What happened after Arnold’s experience contains the big problem (and the golden rule) of UFOs: the more you look for them, the more you find. Especially in times like ours, with the skies populated by drones and other gadgets, when everyone is carrying a camera on their smartphone. In a hearing before the U.S. Senate’s Armed Services subcommittee, Sean Kirkpatrick — director of the wonderfully named All-domain Anomaly Resolution Office (AARO) — confirmed this theory in April. Between 2004 and June 2021, 144 UFO incidents were reported. At the beginning of this year, there were already 350. Four months later, that number had risen to 650. By this point in July, it already exceeds 800, of which it is estimated that only between 2% and 5% merit attention.
The February incident of the Chinese balloon crossing the United States before being shot down over the Atlantic had to do with this boom. It left behind — in addition to escalated diplomatic tensions between the two countries — a trail of sightings of suspicious objects. After that occurrence, America’s defense agencies recalibrated their airspace surveillance systems, so they could detect smaller, slow-moving objects that wouldn’t have counted as threats before.
The Chinese balloon was cited repeatedly at Wednesday’s hearing, at which two retired military pilots, Ryan Graves and David Fravor, also testified. Both men recounted two separate encounters with UFOs (seen in videos that the Pentagon released three years ago) in light of the fact that they had been circulating on the internet for a long time. It was those recordings that pushed lawmakers to demand greater transparency from the Pentagon and hold a congressional hearing in May of last year (the first on the subject in half-a-century).

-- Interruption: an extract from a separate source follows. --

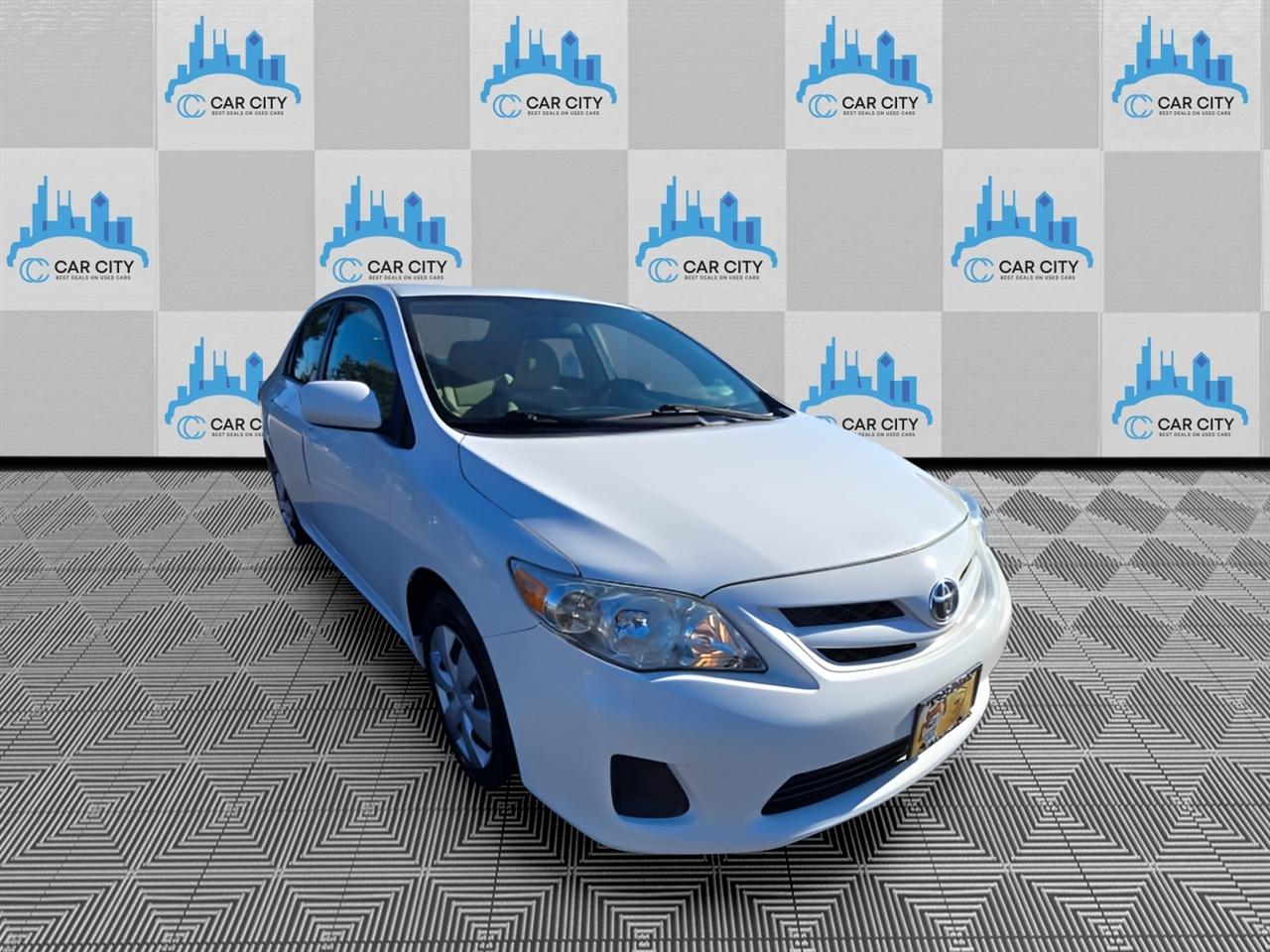 Toyota Corolla LE 2011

In the Capitol, the legislators don’t seem willing to drop the issue, which has lost much of the stigma that it once carried. Chuck Schumer, the Democratic majority leader in the Senate, has introduced a bill to create a new commission, which will have the authority to declassify documents on UFOs and extraterrestrial affairs. Meanwhile, Bill Nelson — the director of NASA who, in 1986, became the first member of the House to travel into space — confirmed to El PAÍS that he had commissioned a report from “a committee of very distinguished scientists,” given the renewed interest in the matter. He promised that the report would be published in August.